I seem to have hit a nasty loop where I have a long and productive day at the office, and come away without substantially less work to do. Much of this is that I gave my students maybe too much homework for the last few weeks, and now have several long and difficult assignments I have to grade and write coherent answer keys for. I don't much like making LaTeX-typeset answer keys, but students greatly appreciate it and supplementary materials like that underscore to the hiring committee my dedication to my students. Also it helps me catch the most likely errors students make if I have to think out not just the answers but exposition.

To my frustration I noticed in working out one assignment there was a typo in a differential equation, making that problem harder and not accurate for the physical situation it was representing (in a way that wasn't obvious until the heavy lifting was done). I turned that into a great hook for the class, though, by saying there was an error and if you looked at the answer you'd realize what it was and how to fix it; so far nobody's e-mailed me with an identification of the typo. The typo by itself isn't particularly frustrating, but I noticed in my old class notes that I gave the same problem when I taught the same course two years ago, with the same typo in my assignment sheet.

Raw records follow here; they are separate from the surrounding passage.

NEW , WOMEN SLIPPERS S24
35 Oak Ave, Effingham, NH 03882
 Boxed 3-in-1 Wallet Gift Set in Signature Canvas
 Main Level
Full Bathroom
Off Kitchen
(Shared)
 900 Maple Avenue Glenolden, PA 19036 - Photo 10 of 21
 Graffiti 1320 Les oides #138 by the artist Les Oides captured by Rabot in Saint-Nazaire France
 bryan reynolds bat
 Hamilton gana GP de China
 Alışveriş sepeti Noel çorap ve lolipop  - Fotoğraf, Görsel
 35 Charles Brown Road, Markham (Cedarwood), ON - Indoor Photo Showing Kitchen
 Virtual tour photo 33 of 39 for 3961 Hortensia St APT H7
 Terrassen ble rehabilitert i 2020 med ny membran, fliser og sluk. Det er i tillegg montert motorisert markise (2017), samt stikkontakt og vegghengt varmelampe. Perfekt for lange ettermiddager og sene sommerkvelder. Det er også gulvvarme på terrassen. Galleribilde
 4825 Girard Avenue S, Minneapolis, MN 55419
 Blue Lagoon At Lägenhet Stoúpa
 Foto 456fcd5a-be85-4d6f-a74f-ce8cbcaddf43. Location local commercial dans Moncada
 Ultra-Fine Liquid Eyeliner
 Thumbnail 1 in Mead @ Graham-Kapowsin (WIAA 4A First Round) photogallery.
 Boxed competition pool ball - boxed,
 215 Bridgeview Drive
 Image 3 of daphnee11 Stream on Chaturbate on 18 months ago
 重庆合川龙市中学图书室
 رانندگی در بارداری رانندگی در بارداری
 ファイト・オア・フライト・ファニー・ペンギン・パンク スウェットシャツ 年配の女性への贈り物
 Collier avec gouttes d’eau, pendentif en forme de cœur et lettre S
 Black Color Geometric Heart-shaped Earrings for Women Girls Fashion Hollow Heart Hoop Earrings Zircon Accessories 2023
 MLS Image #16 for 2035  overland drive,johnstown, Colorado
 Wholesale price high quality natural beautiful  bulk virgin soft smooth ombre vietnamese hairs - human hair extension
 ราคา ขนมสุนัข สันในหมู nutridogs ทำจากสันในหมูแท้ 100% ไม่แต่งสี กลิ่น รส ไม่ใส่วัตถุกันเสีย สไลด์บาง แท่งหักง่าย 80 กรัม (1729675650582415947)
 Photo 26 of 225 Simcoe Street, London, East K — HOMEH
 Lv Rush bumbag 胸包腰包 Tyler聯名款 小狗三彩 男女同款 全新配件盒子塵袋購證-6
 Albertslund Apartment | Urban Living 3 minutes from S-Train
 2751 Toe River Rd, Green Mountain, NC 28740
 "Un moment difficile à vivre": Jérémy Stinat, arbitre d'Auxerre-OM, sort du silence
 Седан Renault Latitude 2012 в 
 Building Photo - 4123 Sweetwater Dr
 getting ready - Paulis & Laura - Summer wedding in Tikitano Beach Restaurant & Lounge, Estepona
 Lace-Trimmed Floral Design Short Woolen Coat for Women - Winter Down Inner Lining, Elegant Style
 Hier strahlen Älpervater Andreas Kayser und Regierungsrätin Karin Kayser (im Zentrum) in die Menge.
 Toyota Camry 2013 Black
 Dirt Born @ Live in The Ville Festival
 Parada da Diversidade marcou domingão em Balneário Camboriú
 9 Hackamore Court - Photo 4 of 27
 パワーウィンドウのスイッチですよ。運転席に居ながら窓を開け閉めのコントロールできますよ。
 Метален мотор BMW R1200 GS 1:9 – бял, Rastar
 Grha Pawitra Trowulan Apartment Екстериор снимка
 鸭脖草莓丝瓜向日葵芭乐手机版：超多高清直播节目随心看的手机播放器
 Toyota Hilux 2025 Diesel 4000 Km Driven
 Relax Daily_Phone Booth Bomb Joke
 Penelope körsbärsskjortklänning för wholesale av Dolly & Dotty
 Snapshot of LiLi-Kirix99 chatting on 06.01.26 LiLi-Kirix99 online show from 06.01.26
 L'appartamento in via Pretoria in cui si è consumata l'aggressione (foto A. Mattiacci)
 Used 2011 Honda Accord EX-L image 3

And here's one of those not-difficult student issues. One of the ``ghost'' students, who's never shown up for class since the first two weeks, nor turned in any assignments except the first homework and the midterm, turned up yesterday with homeworks two through the one due tomorrow. I'm willing to let people turn things in a day or two late, for cause, but three months? When the answer keys have been on the class web site since the week after their due date? When the web page download summary -- there are times I really like the online class supports here -- shows the student downloaded all the answer keys three days ago? It's not the cheating that bugs me so much as the lazy cheating.

Trivia: In 1901 there were 26 manufacturers of (detachable) shirt collars and cuffs in Troy, New York. Source: Troy: A Collar City History, Don Rittner.

Currently Reading: The Longest Battle, Richard Hough.